Editorial Viewpoint: A Rosy Picture
Canada is going to need every young engineer it can get.0
An on-going concern for the engineering profession globally has been the chronically low levels of women in STEM (science, technology, engineering, mathematics) fields – a reality no less felt in Canada. In fact, according to labour data, approximately 90 percent of people working as engineers in Canada have historically been men.
However, there are encouraging signs that the balance is beginning to shift, at least as far as choice of university degree is concerned. According to data from Statistics Canada’s 2013 National Household Survey, for example, a rising percentage of younger women hold STEM degrees than their older counterparts. Overall, women represented approximately one-third of 25-to-64-year-olds with a STEM degree, but young women aged 25 to 34 represented 39.1 percent in that age group. That’s compared to 22.6 percent for women in the 55-to-64 age group.

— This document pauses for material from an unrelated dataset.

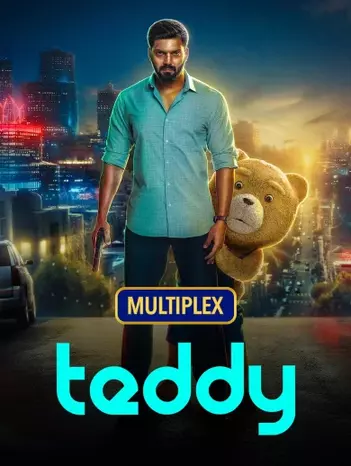 Teddy 2021 in Hindi Hdrip Hollywood Dubbed movie download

Drilling down further, the NHS survey revealed the largest shift in those numbers came from women pursuing engineering and engineering technologist degrees. The share of younger women holding this degree, the data showed, was 23.1 percent in 2011. That’s in contrast with a relatively small 8.5 percent share of women in the older age group. In the years since the NHS survey, those numbers have been steadily growing. In November 2014, the University of Waterloo announced that young women made up 27 percent of the first-year class studying engineering – the largest number the university had ever seen. It’s also a sizable increase from a decade ago when only about 15 percent of first-year engineering students were women. Similarly, in early 2015, the University of Toronto announced that, for the first time its history, young women made up 30 percent of its first-year engineering students. Both universities attribute the rise to outreach programs encouraging girls and young women toward STEM degrees.

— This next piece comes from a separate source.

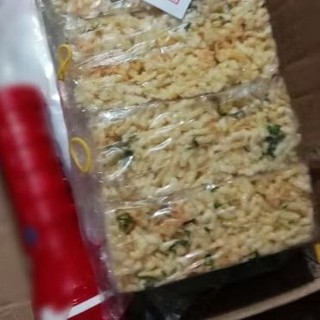 Cốm Chà Bông Thơm Ngon đặc sản-1 cây i hình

To be sure, the trend is encouraging. However, receiving a degree in engineering and ultimately working in the field are two different things, as most engineering grads are aware. According to a 2015 Ontario Society of Professional Engineers (OSPE) study, Crisis in Ontario’s Engineering Labour Market, approximately two-thirds of all Canadian engineering degree holders aren’t working in engineering and 33 percent hold jobs that don’t necessarily require a university degree. The employment rates for female engineering grads, however, are even lower. The study reports that only 20 percent of the women who hold an engineering degree are working in the field.
So while the stats show that efforts encouraging young women to pursue engineering careers are having an impact, the vast majority of female engineering grads aren’t working as engineers. Like their male counterparts, many female engineering degree-holders, the OSPE report’s numbers suggest, may be choosing other career options after graduation or running into the same career barriers. However, there is still a significant number who aren’t working as or leave the engineering profession for other reasons.
At the end of the day, educational programs can only do so much. In such a historically male-dominated field, industry leaders need to go the extra mile to change the culture of their organizations such that both male and female engineers candidates are welcomed and have the same opportunity to flourish. There are many reasons why this is important but, as the Engineers Canada labour forecast details in this issue’s cover story, retirement of Baby Boomer engineers is going to ramp up significantly over the next decade. As a result, Canada is going to need every young engineer it can get.